This should not be misunderstood as a dismissal of the 19th and early 20th century anthropology pertaining to the Native Americans. On the contrary, in working in the borderlands of history and anthropology I am a firm believer in the usefulness of early recorded ethnographical data. A sound critical evaluation of pre-conceptions does not in any way destroy our anthropological heritage, merely providing different perspectives. As Pierre Bourdieu once put it, ‘only history can free us from history.’ Two examples, one about classifications and the other concerning rationality, illustrate my point of view:

1. Lewis Henry Morgan wrote his classic Ancient Society in 1877, using savagism, barbarism, and civilization as categories for tracing human evolution. Some 250 years before, José de Acosta had published History natural y moral de las Indias, using the same combination of concepts deriving from Latin and Greek terms. Obviously, we are not dealing with mere coincidence, but a very fundamental notion of these concepts.

2. In a quite recent textbook, Brian M. Fagan makes a convincing explanation of Hernando Cortes destruction of the Aztec Empire.  The natives believed that Cortes was the returning Quetzalcoatl and made no resistance until it was too late. Sure, it makes sense – but on the other hand our sources do not tell us this story. Here we face a certain notion of rationality, the question is; whose rationality are we actually talking about.
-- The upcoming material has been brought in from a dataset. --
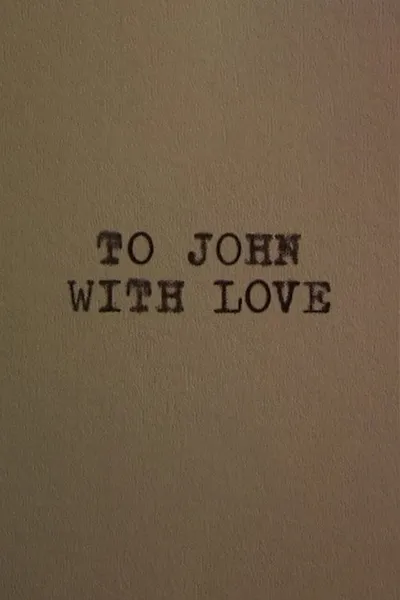To John With Love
Fagan does not present his case as one possible interpretation, but as the actual historical event.

Pursuing such issues might lead us to quite a different realm, one to challenging the very basics of anthropology. This is, of course, not my intention. This preliminary report is a brief effort to present some early anthropologists representations of Native Americans, trying to reveal pre-conceptions as a result of being an American doing research in one’s own geographical space. As a mirror, I will use Franz Boas as a case of European-born researchers studying North American Indians and Baron Erland Nordenskiöld as an example of a European (Swedish) ethnographer studying South American Indians.

The polygenism view of the Indian race – Samuel G. Morton

Theories of separate creation as an explanation for a biological inferiority of the Indian race gained ground in the 1830s and 40s. Although collapsing in the 1860s due to devastating new research, Samuel G. Morton’s “ethnological proof” for many seemed to be in accord with the facts. Among them the celebrated historian Francis Parkman.

Historian Robert E. Bieder has in Science Encounters the Indian, 1820-1880 (1986) in length (and excellently) dealt with the “Enlightenment Ethnology” of Albert Gallatin and with Morton’s “Calculations of Inferiority”. Here our purpose does not require a through investigation in this matter, but it might be valuable to halt for just a moment in order to get a general view of the “defects” of the Indian’s physical and mental characteristics. For Morton, beneath different external appearance lay the original Indian race-type. The intellectual faculties of the Indian was low, indicating he could never rise to the same intellectual level as the Caucasian. For Morton, inequality was a decreed by God.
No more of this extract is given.